───── Data under study ─────

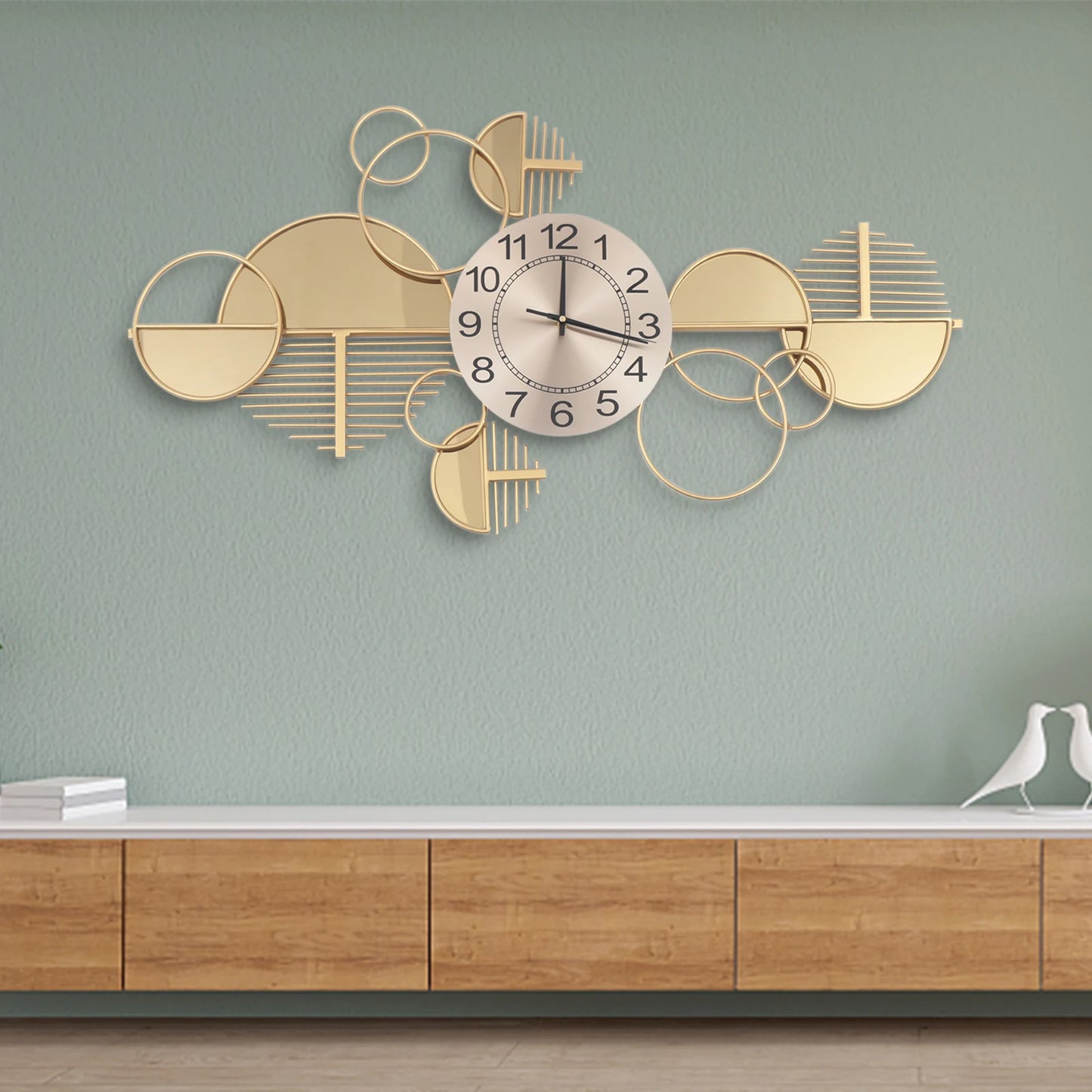 Modern Metal Wall Clock Silent Non Ticking Glass Decor For Home Office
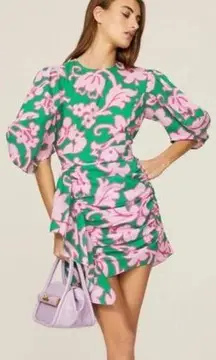 RHODE Pia Floral Print Pink Green Floral Hourglass Puff Sleeves Mini Dress S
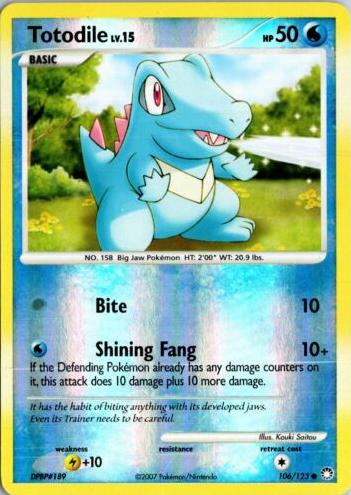 Totodile 2007 Pokemon Diamond & Pearl Mysterious Treasures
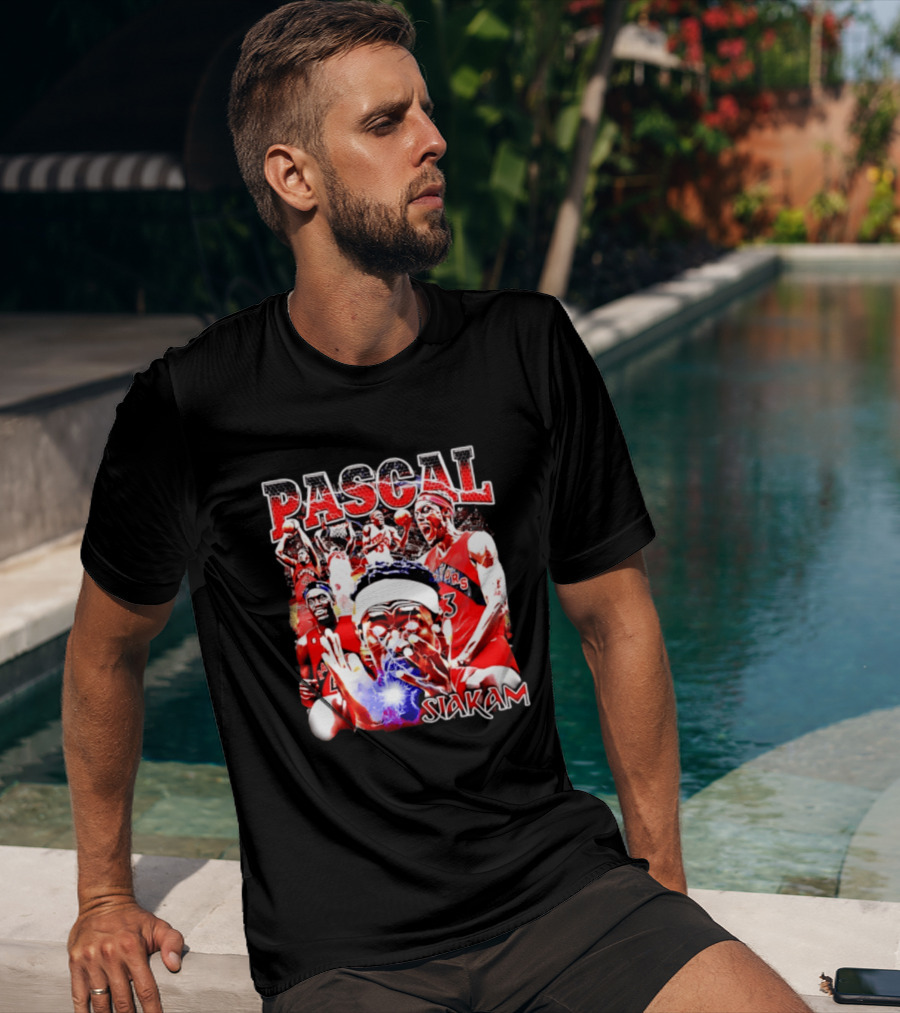 Pascal Siakam Toronto Raptors Thunder Eyes Basketball Player Action Collage T-Shirt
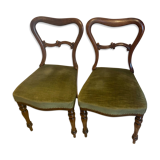 Set de 2 chaises style médaillon vert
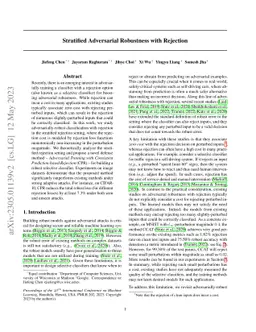Stratified Adversarial Robustness with Rejection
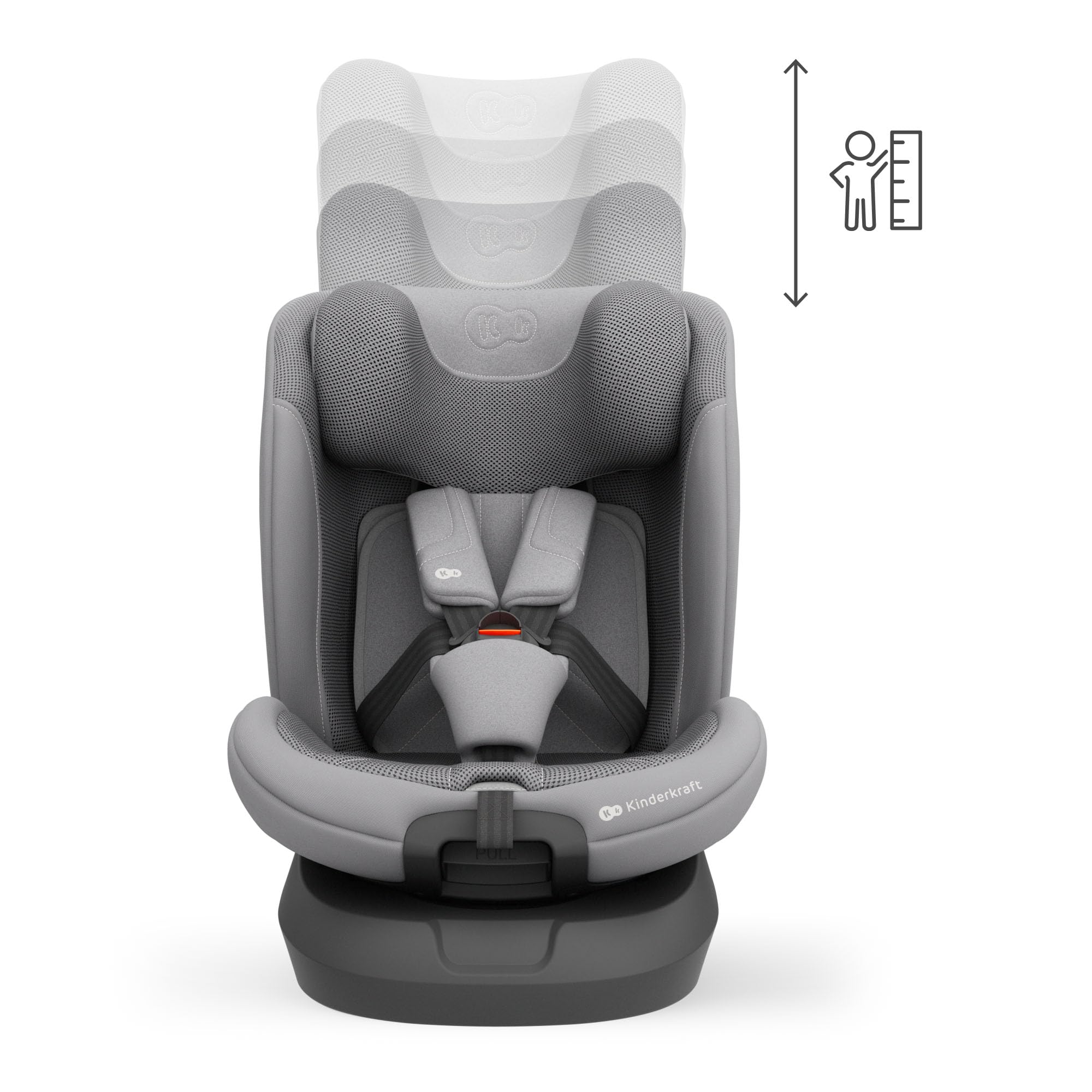 Kinderkraft I-GROW 2 PRO Siège Auto i-Size 40-150 cm 0-12 ans ISOFIX Gris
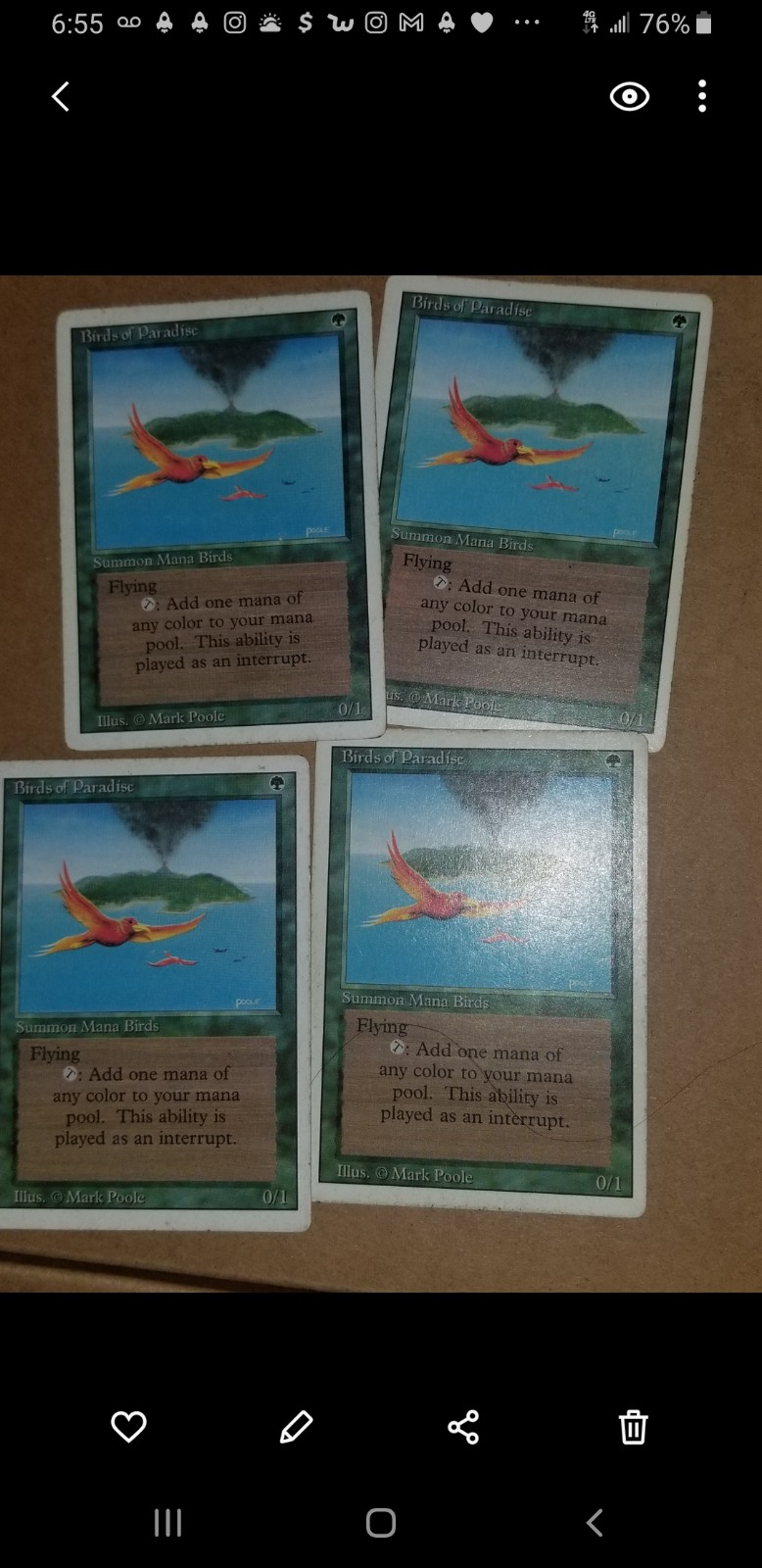 4x REVISED BIRDS OF PARADISE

─────

What is needed >> What is needed is an exact printout of all the entries, without the pictures.

Task answer >>
 Modern Metal Wall Clock Silent Non Ticking Glass Decor For Home Office
 RHODE Pia Floral Print Pink Green Floral Hourglass Puff Sleeves Mini Dress S
 Totodile 2007 Pokemon Diamond & Pearl Mysterious Treasures
 Pascal Siakam Toronto Raptors Thunder Eyes Basketball Player Action Collage T-Shirt
 Set de 2 chaises style médaillon vert
Stratified Adversarial Robustness with Rejection
 Kinderkraft I-GROW 2 PRO Siège Auto i-Size 40-150 cm 0-12 ans ISOFIX Gris
 4x REVISED BIRDS OF PARADISE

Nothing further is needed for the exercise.